ホームレスのおじさんが言っていた「あんなやつら」というのは、ホームレスの人や生活困窮者、生活保護利用者の一部でしかないし、同様に、あのイベントで話していた女性のような、やむにやまれぬ事情で生活保護に支えられている人も、やはり一部に過ぎない。210万通りの貧困のかたちが、たぶんあるんだ。
考えれば考えるほど、頭が痛くなってくる。1人ひとりが置かれている状況や歩んできた道のりは違う。1人として同じ人はいない。そんなの当たり前のことなのに、どうしてもわかりやすいかたちを求めたがる。そのほうが、誰を助けるか、誰を助けないのかの判断が楽だからだ。
そして、どう見ても困った状態にある人でも、誰が見てもかわいそうな状況にある人であっても、次の瞬間には、自己責任としか言いようのない、眉をしかめたくなるような行動を起こすことがある。そういった状態をたくさん見てきたので、ある程度は裏切られることもあると割り切っている。、それは当たり前のことだからである。

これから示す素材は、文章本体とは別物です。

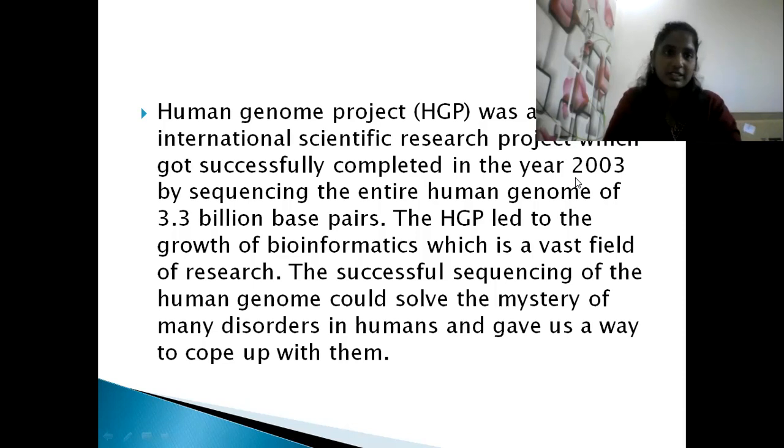Remember that in 2003, 3.3 billion base pairs were found from sequencing the human genome. The HGP led to the growth of bioinformatics — BSc Bioinformatics and BTech Bioinformatics have been developed from the information gathered from the human genome and remaining genomic DNA, which is a vast field of research.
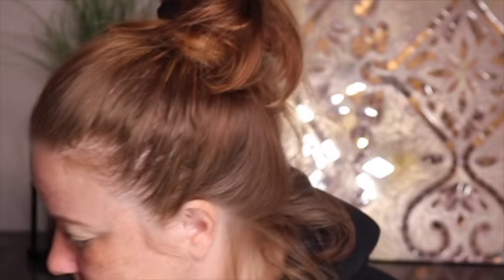Number one tip: do not dip your hands in your products if your hands are not clean, because that bacteria will grow. The other thing with the matte paint pot is I don't have to set it. With the paint pot or Urban Decay I don't set it, but if I go in with the NARS Soft Matte I do set that, just to be on the safe side.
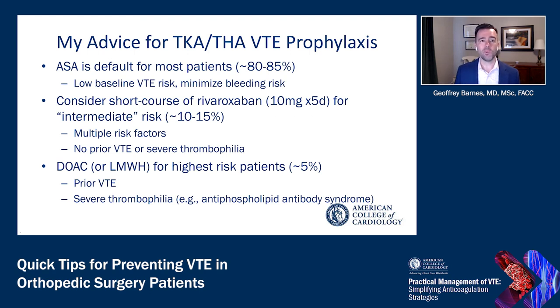In terms of my clinical approach: aspirin is the default for the majority of patients — about 80 to 85% of those undergoing hip or knee arthroplasty — those with low baseline VTE risk and minimal bleeding risk. For an intermediate risk group with multiple risk factors but no prior VTE or severe thrombophilia, a short course of rivaroxaban 10 milligrams for five days followed by aspirin therapy may be considered. For our highest risk patients — especially those with prior venous thromboembolism or severe thrombophilia — I would use a direct oral anticoagulant for two to four weeks.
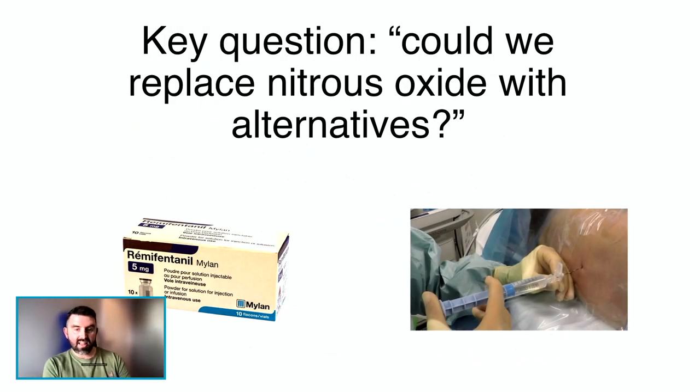There are alternatives — things like remifentanil and epidurals — and they're absolutely fine and very effective. But the point here is that we couldn't just make a switch away from nitrous overnight even if we wanted to — number one because the patients may not wish for it, and also because I'm not sure we've got the staff, the space, or the monitoring to offer those enhanced techniques.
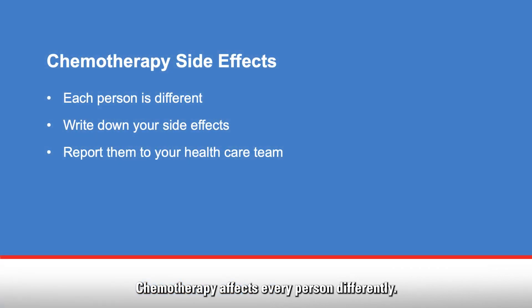Chemotherapy affects every person differently, and it may affect you differently with each cycle. The most important things to remember are to pay attention to your body, keep a list of side effects you experience, and report them to your healthcare team. Most side effects can be managed with medicine or other treatments. Most chemotherapy treats cancer by killing cancer cells, which are fast-growing cells, and for this reason, side effects may occur.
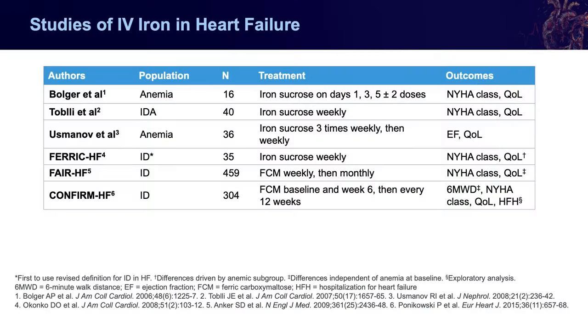The FAIR-HF study was only a couple months long, so CONFIRM-HF was aptly named to confirm those results with a longer follow-up over a year. About 300 patients used ferric carboxymaltose versus placebo and indeed confirmed the results from FAIR-HF — benefits in exercise capacity measured with six-minute walk distance, functional class, and quality of life, independent of whether patients were anemic at baseline. CONFIRM-HF was also the first to suggest there could potentially be a reduction in hospitalizations when using IV iron in this population.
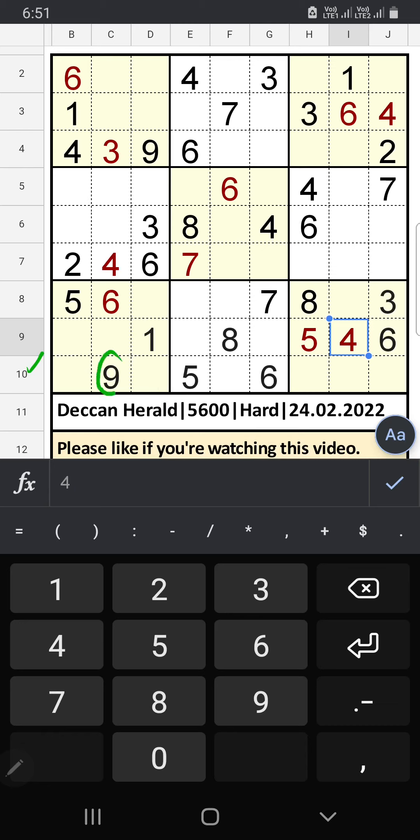The 10th row we have 9, so 9 can't come in these cells — then 9 is confirmed here.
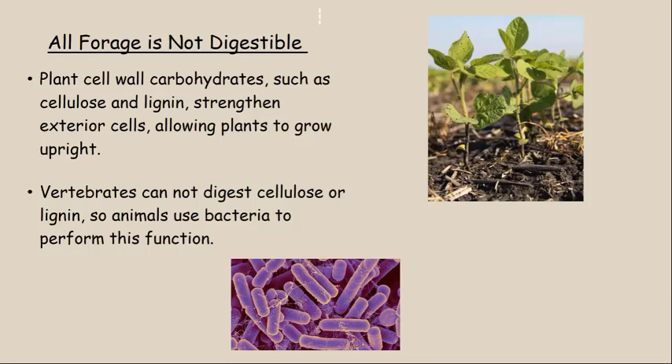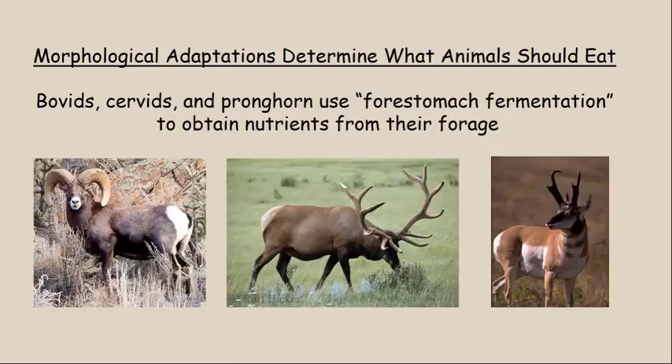The problem is vertebrate animals — animals with a backbone — cannot digest cellulose or lignin. So all vertebrate animals that eat plants need to have bacteria to perform the function of digesting the cellulose. That's a really critical point. There are so many bacteria that are beneficial for us and so many that are bad for us, but the bacteria that digest cellulose for deer and other animals are really, really important. The ability to digest cellulose is dependent upon some morphological adaptations that animals have.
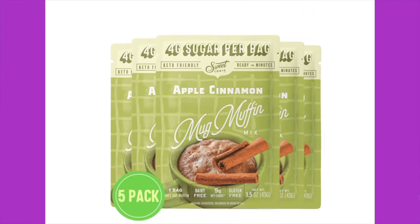Next up is the Sweet Logic apple cinnamon mug cake. We've had Sweet Logic things before — they actually used to be under a different name. It's ready in minutes. The ingredients are almond flour, allulose, dried apples, coconut flour, cinnamon, leavening agents (sodium acid pyrophosphate and sodium bicarbonate), cornstarch, monocalcium phosphate, salt, and stevia leaf extract. As prepared — with butter — it's 310 calories, 26 grams of fat, 10 grams of protein, 26 total carbs, four grams of dietary fiber, and 17 grams of allulose making it five net carbs.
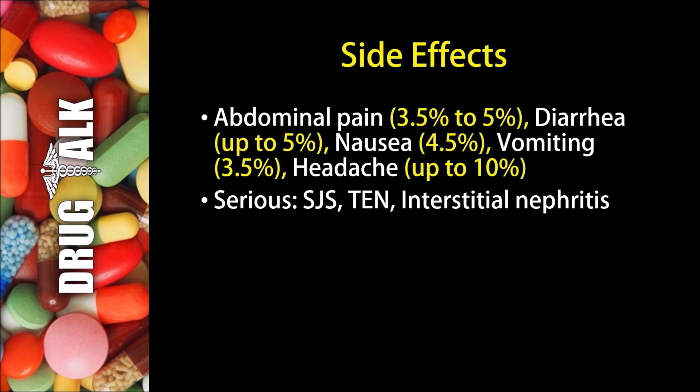As with all medications, there are some side effects or adverse reactions that patients may experience while using Rabeprazole. 3.5% to 5% of patients may experience abdominal pain, while up to 5% may experience diarrhea. Nausea seems to happen 4.5% of the time, and vomiting seems to happen 3.5% of the time. Up to 10% of patients may experience a headache. Some more rare but serious side effects would be Stevens-Johnson Syndrome, Toxic Epidermal Necrolysis, or Interstitial Nephritis.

彼らにかわいそうなふるまいを期待するのはたぶん、いつだってこちの側なのである。
「生活保護=こんな人」「貧困=こんな感じ」なんて図式は成立しない。1人ひとりに向き合うしかない。そして、それと同時に、制度や政策、社会の仕組みについてはある程度、普遍化していく必要がある。たとえば「○○な人が多いから××な政策を」というように、焦点を絞る必要があるのだ。
相反するものをどうやってまとめていったらいいのか。そして、どのように貧困という目に見えない問題をとらえていけばいいのか.。